8 Nov [i.e. December] 801
[salute] Dear Sir
Yours of the 17 with an inclosure to JT,2
as well as one of the 27th both got safe which was particularly satisfactory, as a friend who is now a fellow Citizen of yours and who left me about the 24th Ultimo may have before now explaind.3
He could explain to You every thing that I for the present wish explaind. Things are not worse, but insults and aggravation increase. Nothing can exceed the folly and infatuation of the day. To attempt to describe it would be impossible—they have got to the very paroxism of folly, aggravation, and resentment. An opinion generally
goes forth thus—America is ours still; If a reasonable Man does not willingly give into this opinion, He is insulted and contemnd. You may form some sense of this by the publications of the day, which I hope you get regularly. You may write to me as usual—I wish for a line to put to the test whether it gets safe, and tell me in it how the papers come to hand &ca. &ca.

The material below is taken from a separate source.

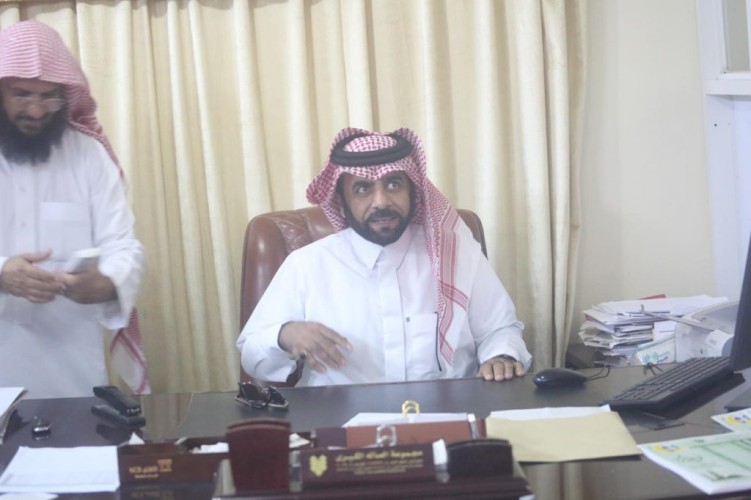 الحياني يتفقد خيرية بحر ابو سكينة ويشيد بالعاملين ، ومرزوق لدينا (١٣٠٠) أسره ب (٦٠٠٠) فرد .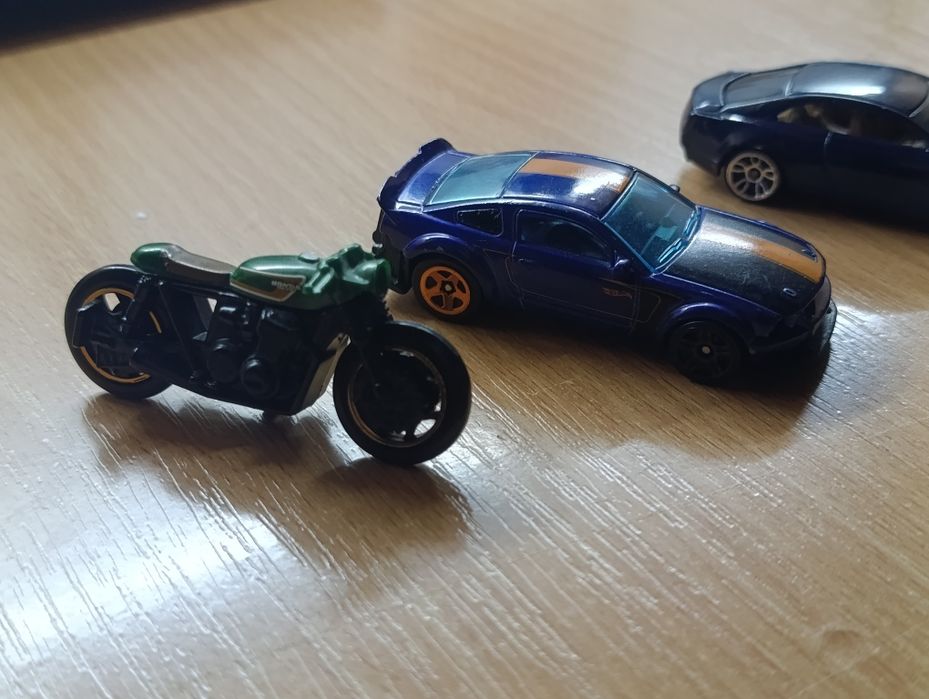 Машинки хот вилс (Hot Wheels)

J. T—— got away the 2d Instant to O[osten]
d and will I hope see you.
On no account whatever risque his coming here again—he parted rather reluctantly and talkd strangely—more of this hereafter. I wish your Countrymen kept all their fools and—more to themselves and not suffer them to expose others. Much is the mischief which has arrisin from that quarter. I will write you more particularly soon.
We Englishmen not only think we can war successfully with all the world, but we are now actually possessd of an opinion that America is ours again. Nothing now remains but a small force of men and ships to be sent in the spring are wanted and these are actually intended to be sent in the spring. The Virga. Expedition there is great expectation from—but more from defection of principal men in the American Army.
I am with great respect Yrs &ca. &ca.